Momentum 10, curated by Marti Manen with assistant curator Anne Klontz, is titled The Emotional Exhibition, and will open to the public on 8 June. Last week, the list of participating artists was released, revealing that fourteen of the twenty-nine participating artists have been represented in previous editions of the biennial. Among them are Knut Åsdam and Olafur Eliasson, both of whom participated in the first edition in 1998. Eirik Senje, Ina Hagen, and Keren Cytter, are some of the new names in 2019. “The list is a mix based on two starting points, one historical and one related to an emotional conception of history,” Manen told Kunstkritikk. In preparation for the 10th edition, Manen interviewed past curators, participants, and technicians about their memories from the biennial in Moss and about their feelings now, years later. The interviews were considered the foundation for a dialogue between past and present, with an emphasis on the participants’ emotions in order to provide a more complex representation of the biennial’s history than if based solely on verbal and logical constructs. See the complete list of artists and read the story in Norwegian here

Lucian Freud – A Closer Look, 2015, presented 52 works from the UBS Art Collection. Photo: Louisiana.

Louisiana sponsor convicted

Following a seven-year investigation, the Swiss banking giant UBS was convicted and fined 33,5 billion DKK (3.7 billion EUR) for tax evasion and money laundering by a criminal court in Paris on 20 February. Primarily known in the art world as the main partner of Art Basel’s global fairs since 1994, the bank is also currently sponsoring the exhibition program of Louisiana Museum of Modern Art in Humlebæk outside of Copenhagen. “The Louisiana Museum makes the same demands concerning our sponsors as we do when it comes to all of our partners and colleagues: They should be good, responsible citizens, and abide the law,” said director Poul Erik Tøjner to the Danish broadcaster DR. However, he underlined that the museum had not reached a conclusion concerning UBS, considering the bank has appealed the verdict and denies the charges. The museum’s board will discuss the UBS sponsorship, currently only running throughout 2019, in a meeting in March, Tøjner stated. 
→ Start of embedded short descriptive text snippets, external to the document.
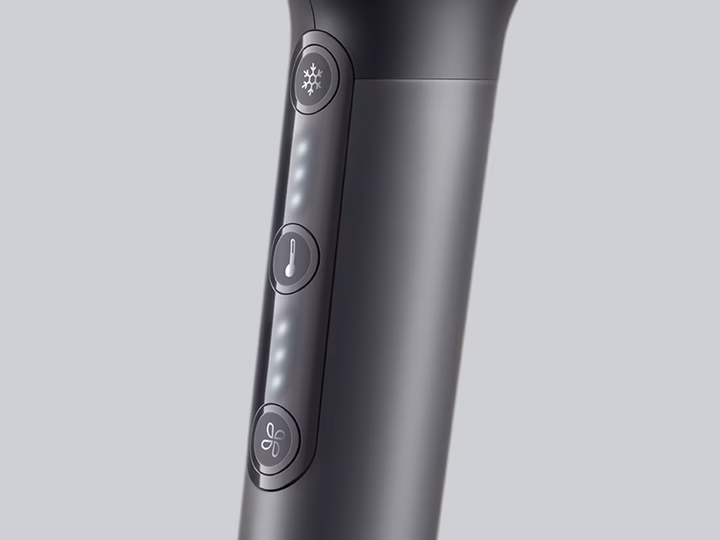 Close-up of Braun Hairdryer handle showing speed, temperature, and cool air control buttons.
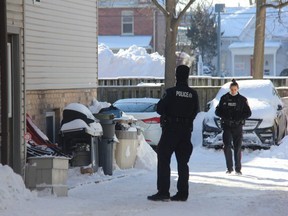 Two London police officers remained outside a two-story home at 153 Sydenham St. Two people were arrested Wednesday morning after police received reports of an armed man inside a house on the street. (JONATHAN JUHA/The London Free Press)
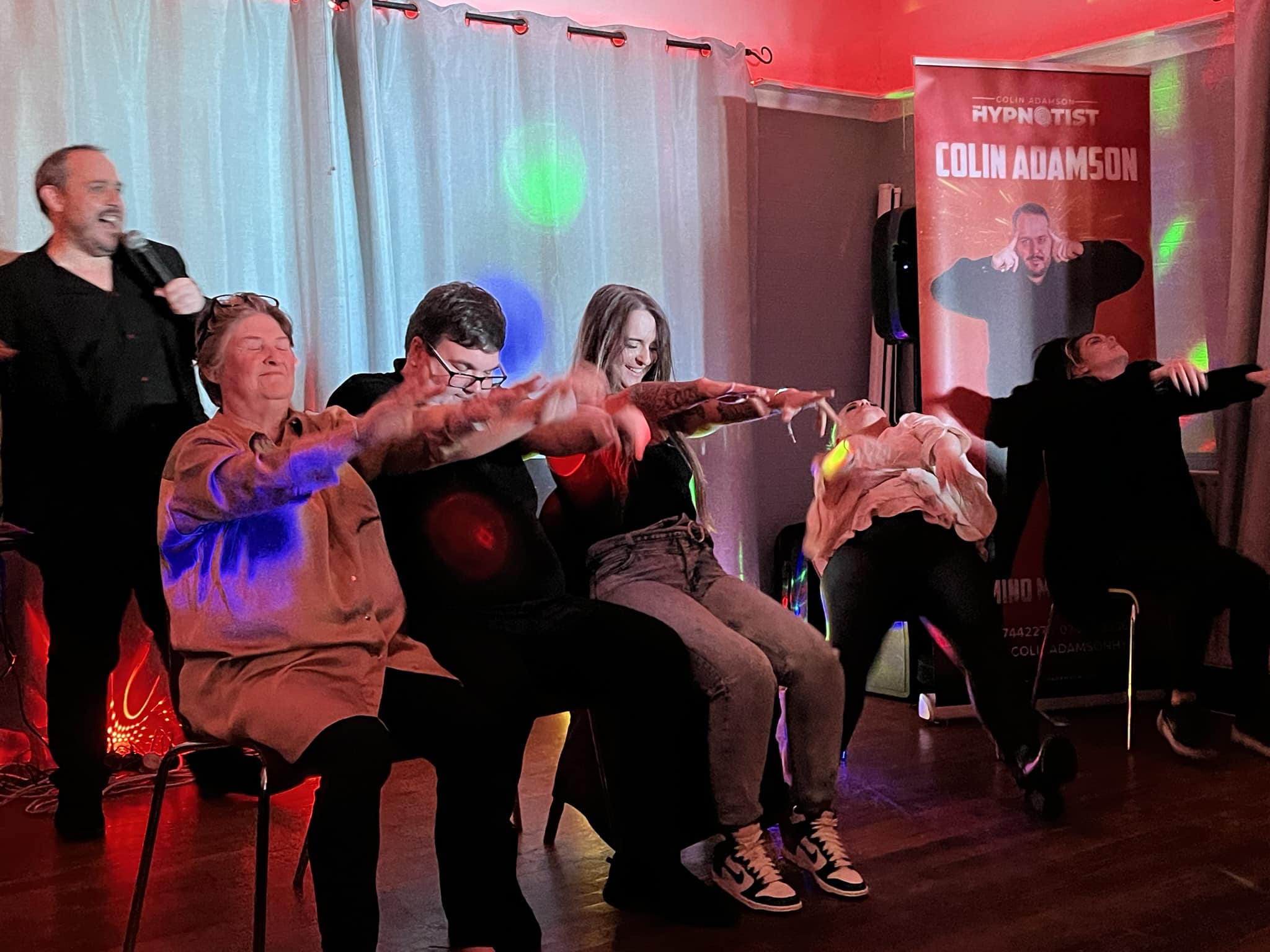 A lively hypnotism show features participants in various relaxed poses under vibrant colored lights, creating an engaging and entertaining atmosphere.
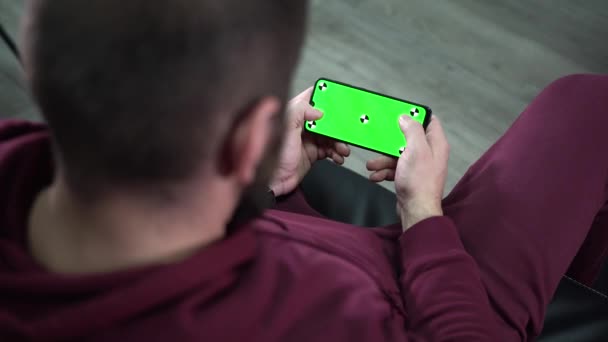 Hombre en la habitación moderna sentado en un sofá usando el teléfono con pantalla verde. Hombre relajado mirando el teléfono inteligente con pantalla verde simulada croma pantalla clave — Vídeo de stock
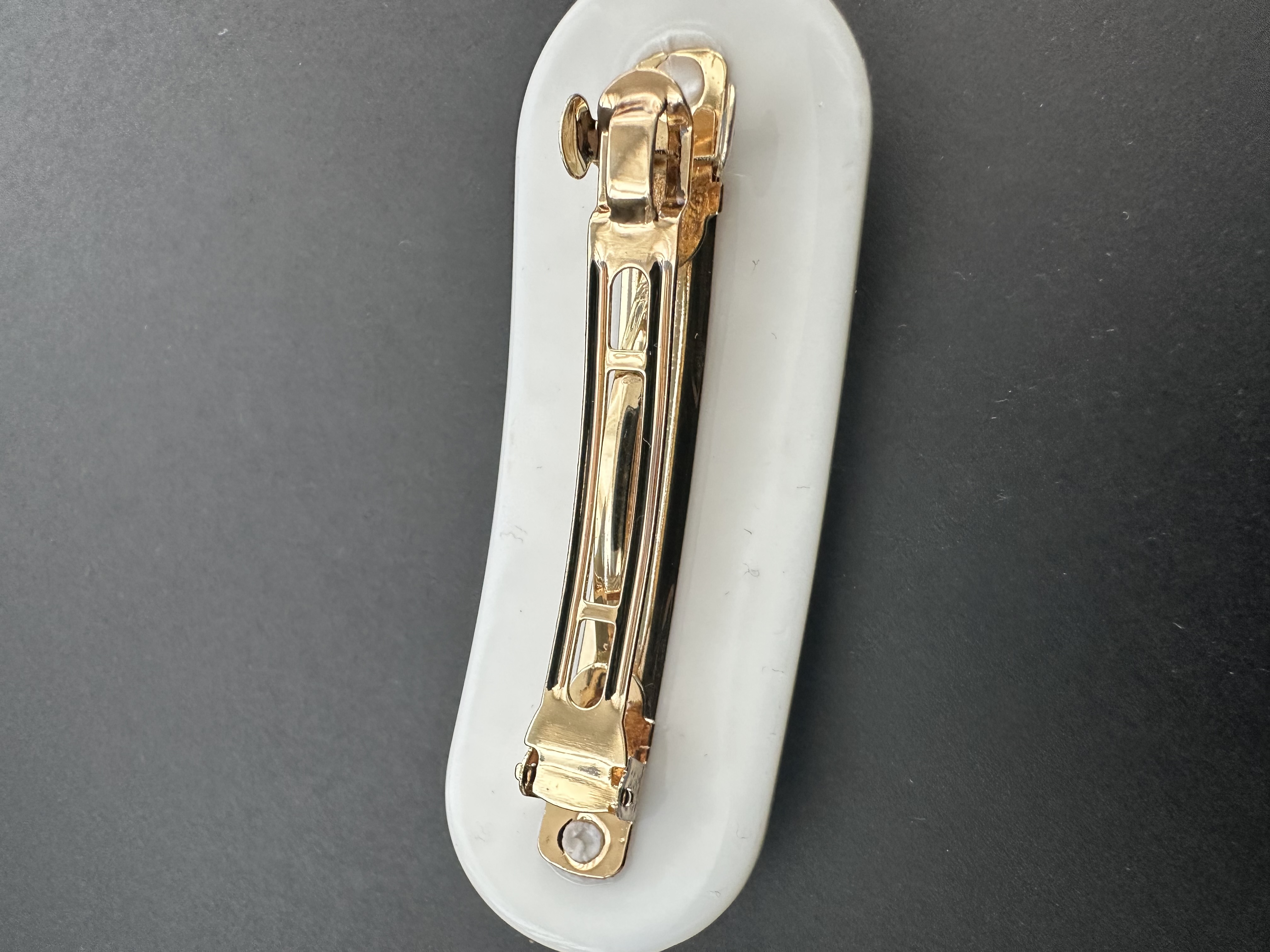 Gold metal hair barrette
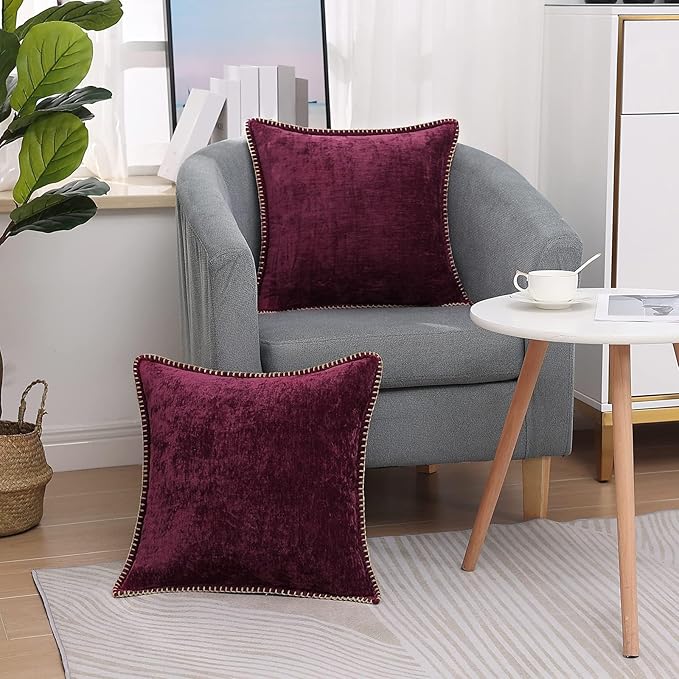 Plum chenille euro pillow cover with piped trim on a couch armchair
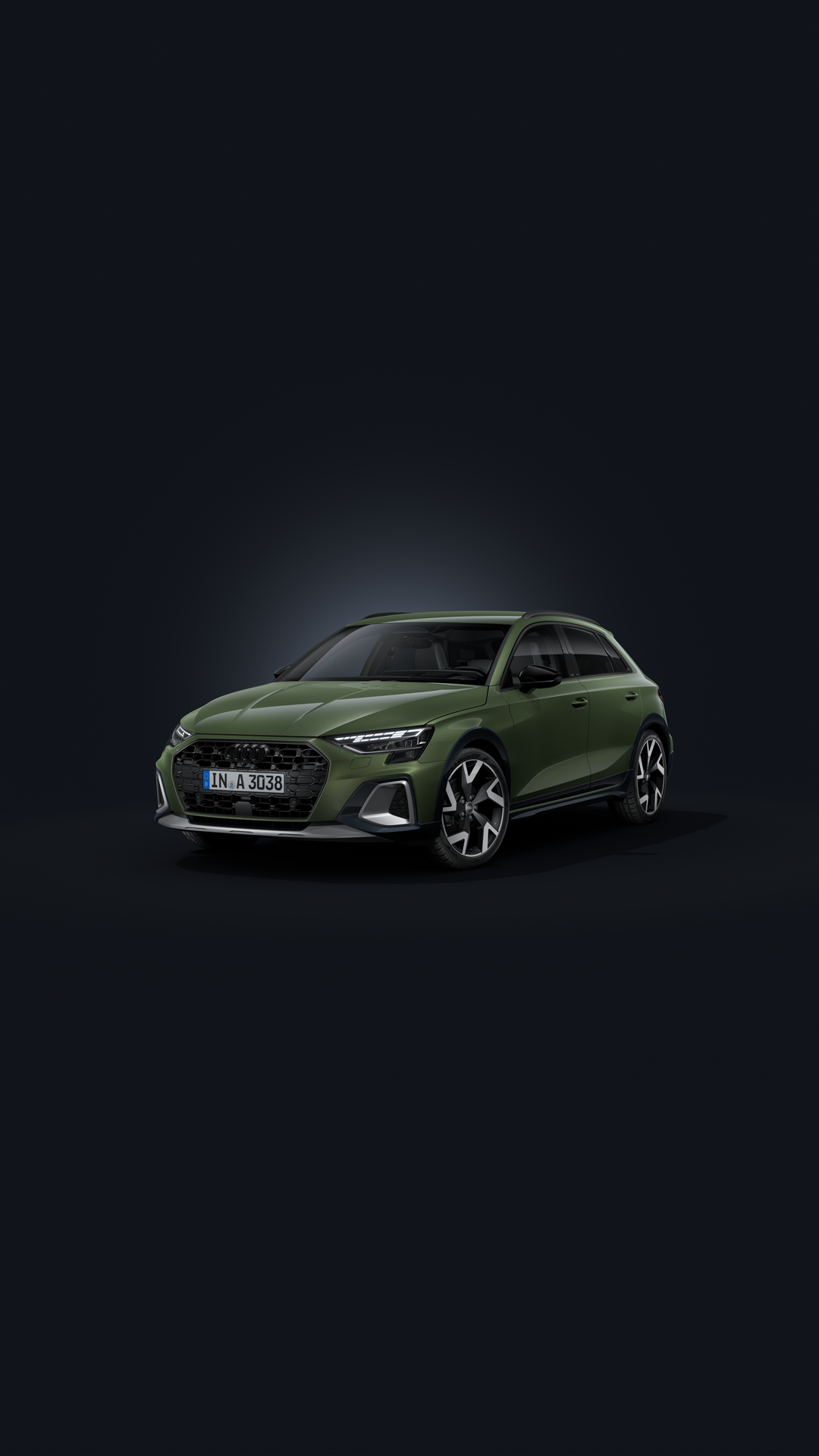 The Audi A3 allstreet, viewed from the front at an angle against a dark background.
Workshop project by Rena Raedle and Vladan Jeremic. Photo: Carnival Union.

Carnival in Oslo is an “intercultural protest”

A group of artists has invited all of Oslo to a large art project in the form of a carnival parade on Sunday, 3 March. Promoted as a celebration of freedom, creativity, diversity, and multiculturalism, as well as a protest against racism, Islamophobia, and discrimination, Karnevalet is initiated by the artist group Carnival Union (Venke Aure, Hanan Benammar, Gidsken Braadlie, Camilla Dahl, Marius von der Fehr, Lisa Pacini, Pia Maria Roll, and Vigdis Storsveen) and developed in collaboration with the Intercultural Museum in Oslo, HUMAN International Documentary Film Festival, and over 50 artists and artist groups, schools, and organisations. According to a press statement, the parade will move in a “revolution,” rotating through the centre of Oslo, “narrating an alternative story about the city,” while “connecting important historical places and events from 150 years of anti-racist movement in Norway, and other events that have been formative for the development of our multicultural society.” The carnival project also includes a number of workshops preparing costumes, masks, objects, sculptures, pictures, banners, movements, sounds, and lights for the parade. An exhibition documenting the event will open on 4 April at the Intercultural Museum.